I changed the user password using "passwd" from a terminal session.  That worked signing in with the new password unlocked the files - even after a reboot.  That doesn't change the file encryption or keys; the user password is used to unlock the encryption key (I presume the encryption key is held enciphered with a token derived from the user login password in this setup.  IIUC, you can set up alternative tokens so you can unlock the data even without the user password, should you need it.  That might be very sensible if you want to take unencrypted backups.)

----------

## pietinger

Goverp,

thanks a lot for sharing your experience with fscrypt. I am very interested in it (I am waiting now over half a year to have it in gentoo).

Have a good time,

Peter

----------

## Shibotto

 *Goverp wrote:*   

> The Arch PKGBUILD lists many fewer prereqs than the ebuild.

 

That's because Gentoo enforces network-sandbox during build, so every dependency that usually would be fetched by the go command needs to be listed and fetched in advance. Arch on the other hand lets it go on a rampage and do pretty much whatever it wants.

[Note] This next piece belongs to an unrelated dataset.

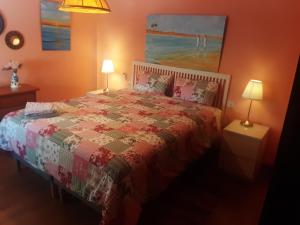 马塔拉斯卡尼亚斯Apartamento Naturaleza Virgen的一间卧室配有一张带被子和两盏灯的床。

If you look at a Rust ebuild it will send chills down your spine  :Shocked: 

 *Goverp wrote:*   

> Signing out from KDE did not lock the files.

 

I haven't tried this method so I don't know if it actually works: if you are using elogind you can try setting KillUserProcesses or KillOnlyUsers in /etc/elogind/logind.conf to kill every processes when you log out, but beware that it will also kill screen and tmux sessions (look at "man 5 logind.conf"). If you decide to try it, make sure that in the session group of /etc/pam.d/system-login pam_fscrypt.so is listed before pam_elogind.so, because on session close the PAM stack is called in reverse order (so pam_elogind.so kills everything, then pam_fscrypt.so tries to lock the file).

----------

## Goverp

 *Shibotto wrote:*   

> ...
> 
>  *Goverp wrote:*   Signing out from KDE did not lock the files. 
> 
> I haven't tried this method so I don't know if it actually works: if you are using elogind you can try setting KillUserProcesses or KillOnlyUsers in /etc/elogind/logind.conf to kill every processes when you log out, but beware that it will also kill screen and tmux sessions (look at "man 5 logind.conf"). If you decide to try it, make sure that in the session group of /etc/pam.d/system-login pam_fscrypt.so is listed before pam_elogind.so, because on session close the PAM stack is called in reverse order (so pam_elogind.so kills everything, then pam_fscrypt.so tries to lock the file).

 

Thanks for the info.  Am I right in thinking the default systemd setup uses "KillUserProcesses=yes"?  In which case KDE is probably now assuming said abomination.  I'll give it a try, even though it stinks.

----------

## Goverp

Curiouser and curiouser.  Before logging out from KDE, and nothing even open, lsof lists over 11,000 files (WTF?) open for my logged in user.  After logout, 0.  I suspect that means the KillUserProcess fiddling will be ineffective.

Boot log contains:

```
kernel: [ 3405.819362] fscrypt: sda5: 39 inode(s) still busy after removing key with identifier 3f390990b1cbd1b430aca924a9328717, including ino 907090
```

but find / -inum 907090 returns zilch

A bit of searching through old boot logs for the same message gave me a list of inode to look at; some were cache items, others no longer exist.  Maybe it's a timing issue.